GIVEN RECORDS START

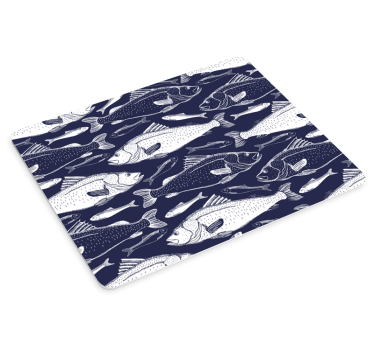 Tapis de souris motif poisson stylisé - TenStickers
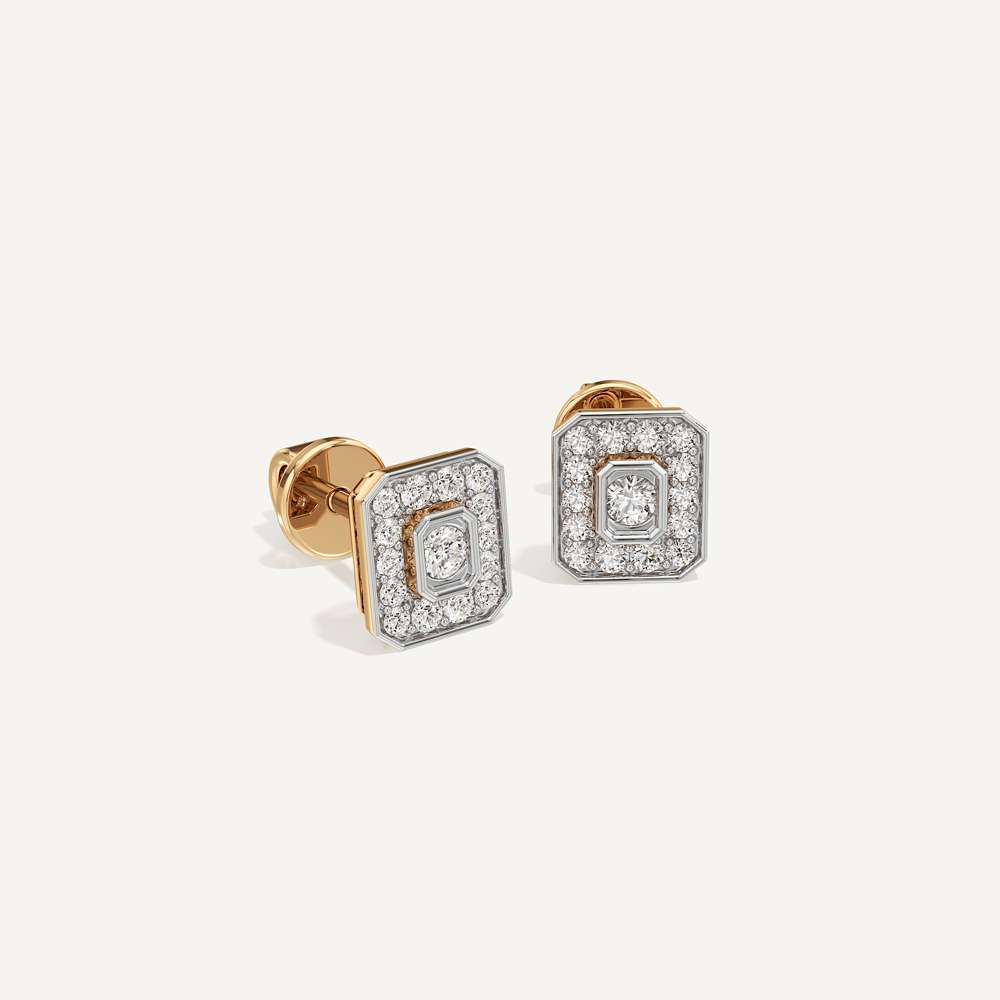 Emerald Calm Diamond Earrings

GIVEN RECORDS END
GIVEN RECORDS START

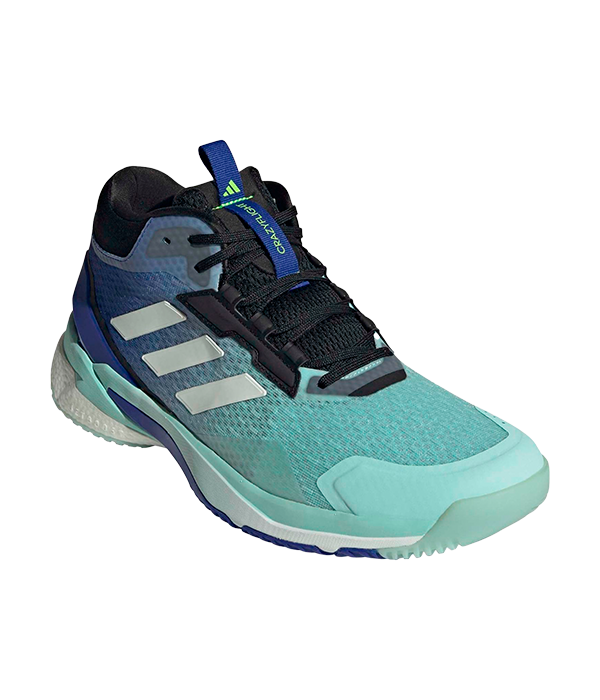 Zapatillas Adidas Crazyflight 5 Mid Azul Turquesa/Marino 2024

GIVEN RECORDS END
GIVEN RECORDS START

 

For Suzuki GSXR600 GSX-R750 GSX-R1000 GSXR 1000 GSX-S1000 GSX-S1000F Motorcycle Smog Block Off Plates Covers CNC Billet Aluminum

GIVEN RECORDS END

_TASK:_ An exact copy is needed of the entries above, starting at the line that holds "Tapis de souris" and stopping at the line that holds "Emerald Calm Diamond Earrings", both kept; pictures stay out.

_ANSWER TO THIS TASK:_
 Tapis de souris motif poisson stylisé - TenStickers
 Emerald Calm Diamond Earrings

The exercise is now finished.